Перстень с руки императора Николая II

    Вечером 7 июня 1927 года в Варшаве из вокзального ресторана вышли два господина в котелках. Они плотно поужинали, запили добрым вином и вышли прогуляться по безлюдной платформе. Здесь их никто не услышит. Посол СССР а Англии Аркадий Розенгольц возвращался в Москву, его провожал посол СССР в Польше Пётр Войков. Положение последнего было более чем сложным. Он промотал много денег, отпущенных Москвой для проведения подрывной работы и оплаты тайным осведомителям. Шифром он сообщил в Москву, что деньги случайно сгорели при уничтожении совершенно секретных бумаг, и ссылался на свидетеля, шифровальщика посольства, однако тот подтвердить этот факт отказался. Войков просил Розенгольца в наркомате уговорить руководство списать недостачу на непредвиденные расходы…

   За конфиденциальным разговором они не заметили, что их догоняет худощавый, скромно одетый юноша. Подойдя ближе, молодой человек неожиданно выхватил пистолет и стал стрелять в Войкова. С первыми выстрелами Розенгольц спрыгнул с платформы на железнодорожный путь и оттуда стал стрелять в молодого террориста, но промахнулся. Неумело стрелял и террорист. Из шести выстрелов только две пули попали в цель. Войков упал на асфальт перрона. На безжизненной руке посла сверкал перстень с красным рубином…

    Дежурившие на вокзале полицейские Домбровский и Ясинский бросились к месту происшествия и без труда задержали юношу, который, не предприняв даже малейшей попытки скрыться, добровольно отдал оружие.

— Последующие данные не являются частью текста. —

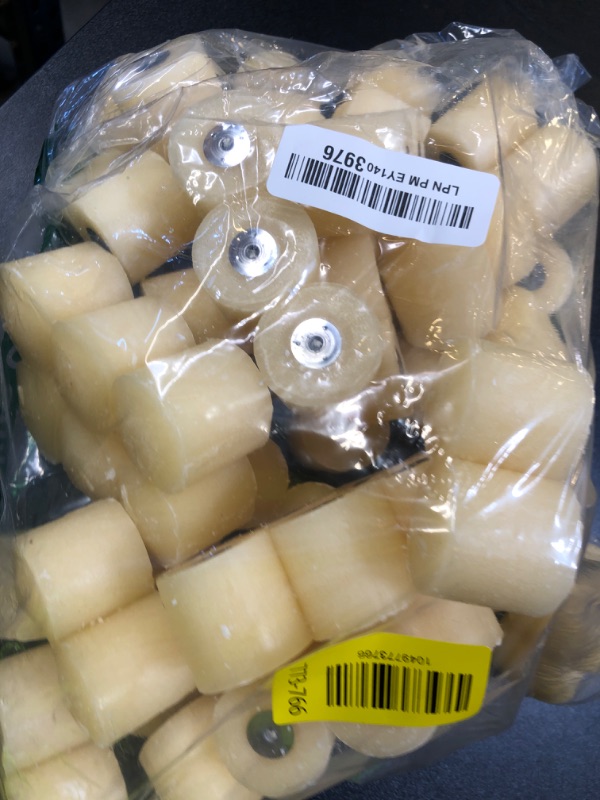Photo 1 of Light In The Dark Ivory Votive Candles - Box of 72 Unscented Candles - 10 Hour Burn Time - Bulk Candles for Weddings, Parties, Spas and Decorations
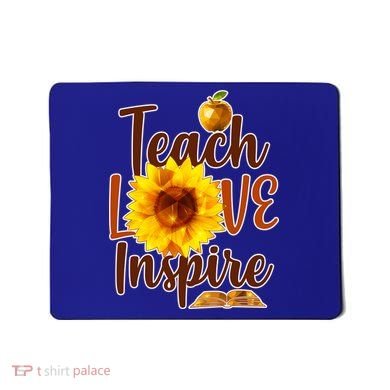 Teach Love Inspire Golden Sunflower Mousepad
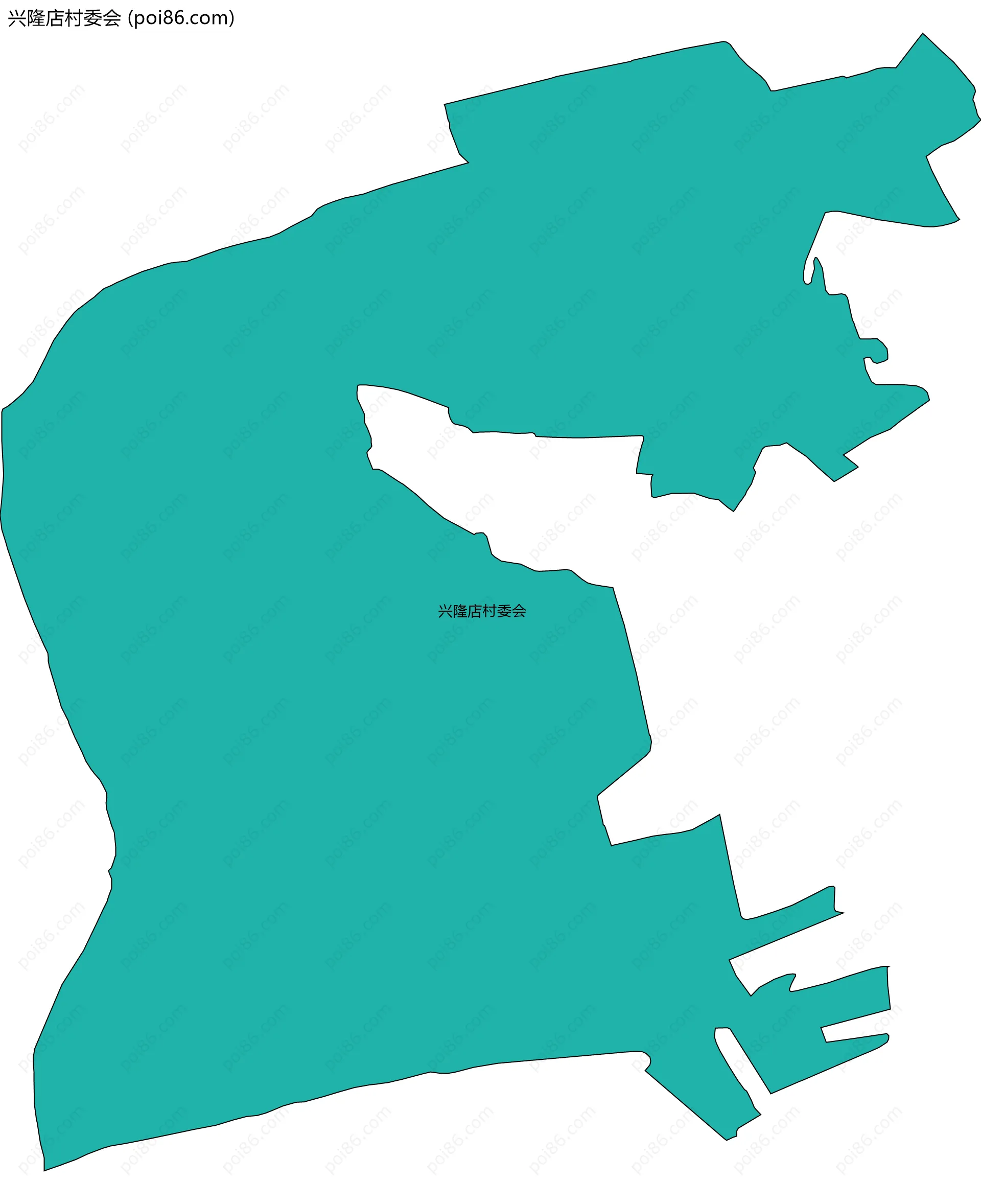 兴隆店村委会边界地图
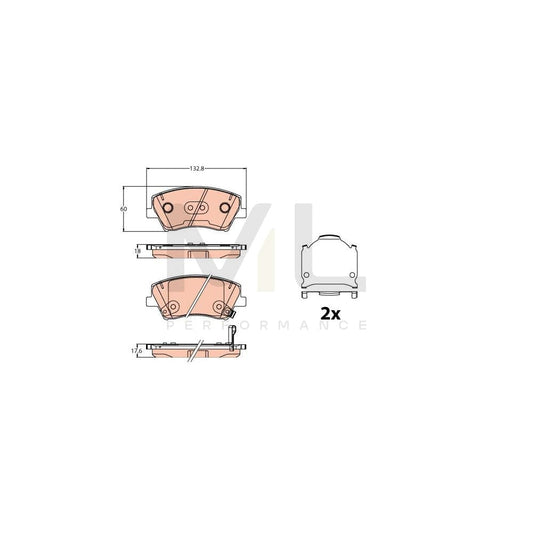 TRW Gdb2203 Brake Pad Set With Acoustic Wear Warning | ML Performance Car Parts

    На вопросы задержанный ответил, что он – Коверда Борис, 19 лет, русский, православный, уроженец Вильно, приехал в Варшаву с единственной целью: убить Войкова и тем отомстить за распятую Россию, за миллионы убитых и замученных людей. Следствие установило, что семья Коверды во время Первой мировой войны, когда немецкие войска подходили к Вильно, была эвакуирована в Самару. После Октябрьского переворота семья оказалась в зоне боевых действии Гражданской войны. Десятилетний Борис видел, как чекисты Лациса расстреливали на льду Волги мирных жителей, заложников и вместе с ними расстреляли приятеля его отца, а затем двоюродного брата-ровесника. С большим трудом семье удалось вырваться обратно в Польшу. Здесь они жили в крайней нужде, продавали носильные вещи, чтобы не умереть с голоду.

    Борис хорошо учился в Виленской гимназии, а с 16 лет стал совмещать учёбу с работой корректора и экспедитора в еженедельной газете «Белорусское слово». Из-за безработицы семья жила на деньги, которые зарабатывал юноша. Все, кто его знал, характеризовали Коверду как исключительно скромного, мягкого и впечатлительного человека, но идейного, не бросающего слова на ветер. Примерно за год до случившегося Коверда высказывал желание тайно пробраться в Советскую Россию и там начать борьбу за свержение враждебного режима.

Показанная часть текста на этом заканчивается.